Cold Calling Step 2: Understand the Product and Align Its Capabilities to the Business Benefits

All salespeople have a natural tendency to become very related to the products that we sell. This occurs because nearly all of our conversations within our company and to our prospects revolve around the product features.

We truly become immersed in what we offer the marketplace – and with all of these conversations circulating, we naturally assume that our prospects will have a native understanding of what we provide and why it makes a difference, simply by our verbalization. There is even a tendency for salespeople to assume that a cursory explanation of the product’s capabilities to a prospect will naturally evoke an understanding by the prospect as to how using the product or service will benefit them.

Experience, though, has shown this to not be the case.

Our task as effective salespeople is to connect the benefits and the capabilities for the prospect. Put it this way… Failure to do so should result in a prospect saying, “I understand what your product does; I just don’t understand the value proposition.” If only prospects were so open when this occurred because then we would clearly understand that we have not created the necessary linkage between benefits and product capabilities.

There are a few ways for us to become “smart” about what these benefits and their related capabilities truly are. Clearly, as we outlined in the first step, understanding the industry, target markets and their needs and relating them to the product or service is a terrific place to begin.

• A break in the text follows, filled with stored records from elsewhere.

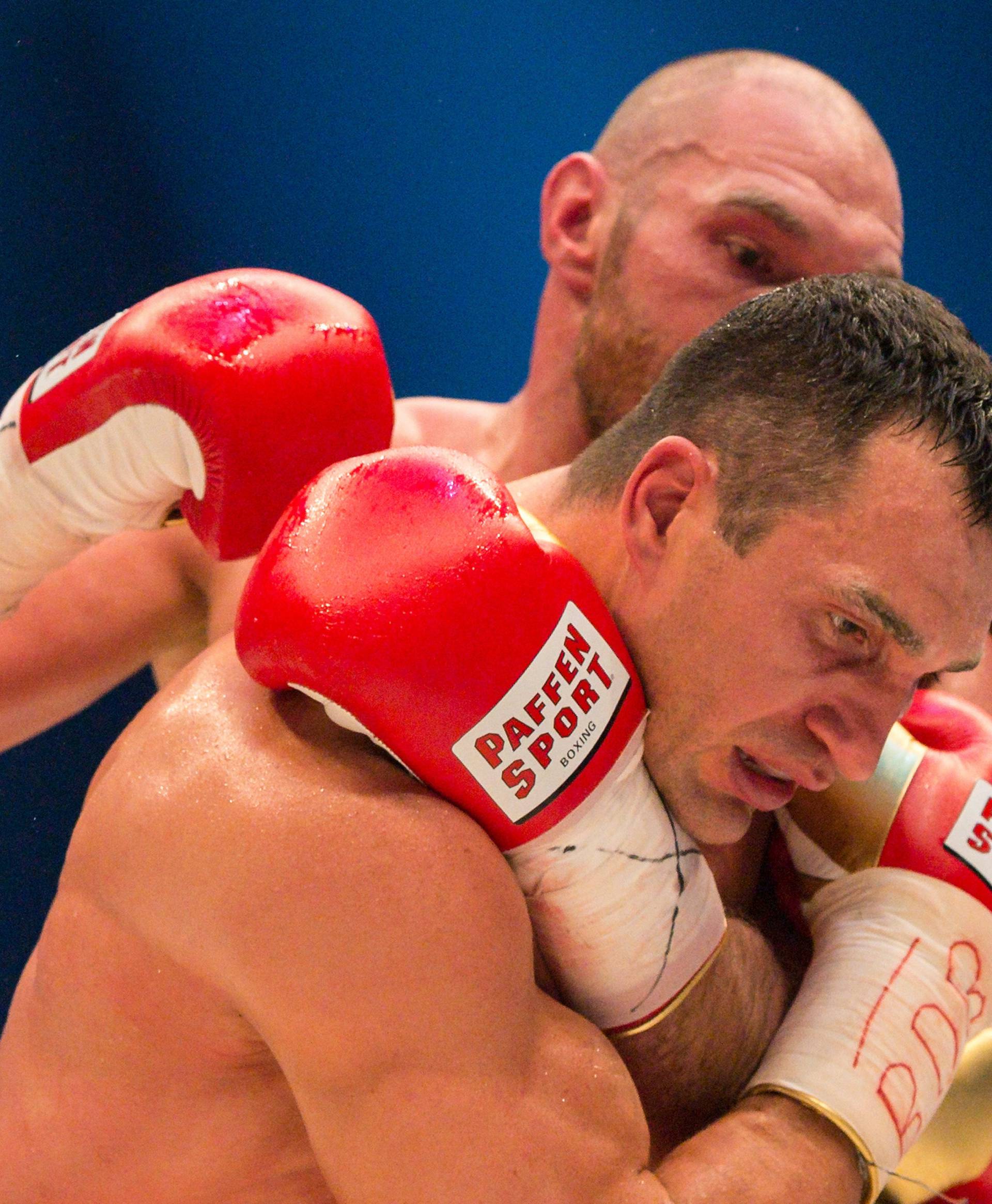 GER, WM Schwergewicht, Wladimir Klitschko ( UKR ) gegen Tyson Fury ( GBR )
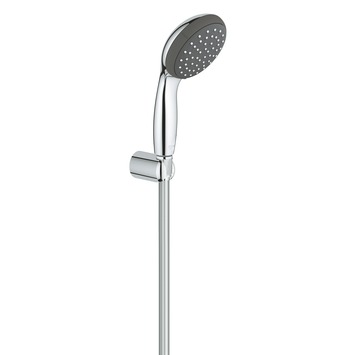 Of Harmonie Van storm GAMMA | Grohe Vitalio douchekop Start I handdouche ø 10 cm wanddouchehouder  doucheslang 175 cm kopen? 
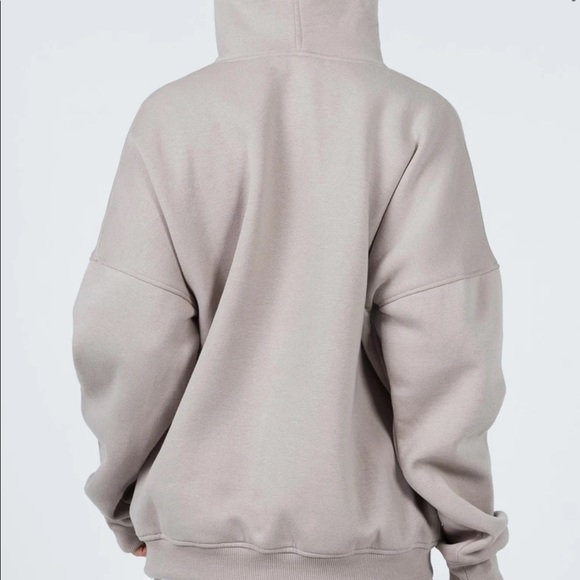 Cute but psycho oversized hoodie - Picture 3 of 4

Many salespeople, however, fail to look at the messaging of their direct competitors. Competitors are typically not shy about posting about their value on their web sites. Facebook pages of competitors often enable you to discover, via testimonials and comments, what buyers truly value.

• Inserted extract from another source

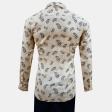 Print Lemon Shirt : Party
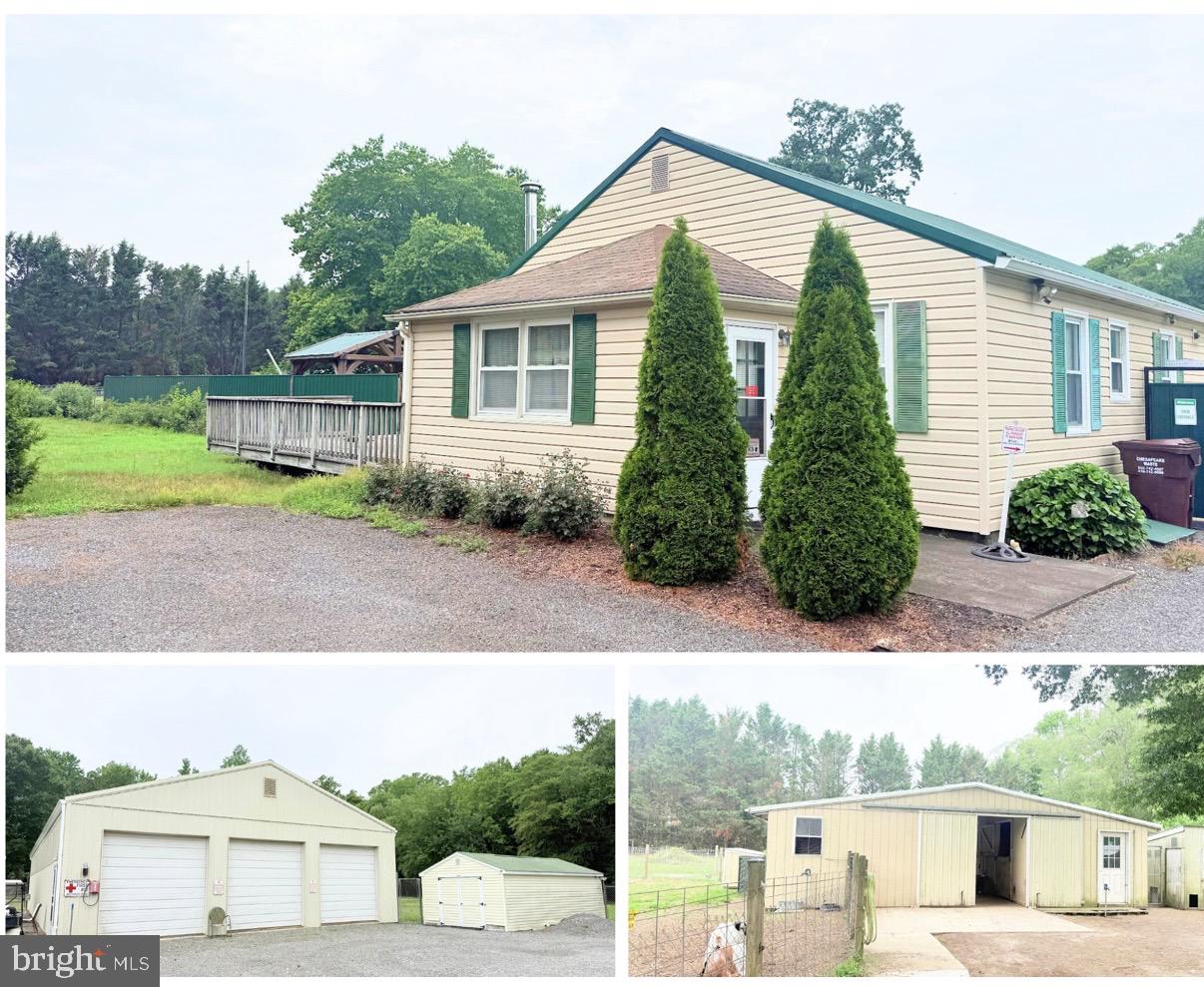 14540 Drapers Mill Road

This is important because, as we shall see in future posts, simply because you believe something to be a benefit, your prospects and customers may have a very different take on what constitutes the true value.

Many, many years ago when I was first beginning my business career, my first company, Flash Creative Management, decided to sell a software development tool, MUPET (the acronym stood for Multi-User Project Editing Tool). It was my first foray into selling a product for software developers and it was a priceless education for my company and me.

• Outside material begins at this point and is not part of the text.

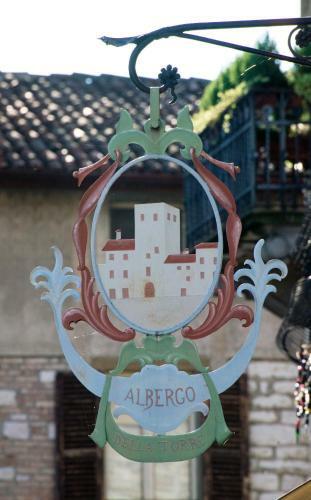 Hotel Albergo Ristorante Della Torre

We had articulated the benefits in advertisements, speaking engagements and a few other communication channels. Surprisingly, to us anyway, the people who bought the tool had very different intentions for its use. We discovered by the technical support questions we were receiving that people had decided to use it in very different ways than we intended.

In some cases, this worked out just fine as the product was capable of addressing these needs but sometimes the product fell woefully short of the value that our clients hoped to receive, because frankly, the product was never designed for this purpose.

So there are two takeaways in this portion of the discussion:

(1) It is your responsibility to connect benefits to product capabilities.

(2) Just because you or your competitor thinks that the true benefits have been identified does not mean that you have successfully done so.

This second point, and our next challenge in preparing a successful cold calling campaign, will be the subject of our next post.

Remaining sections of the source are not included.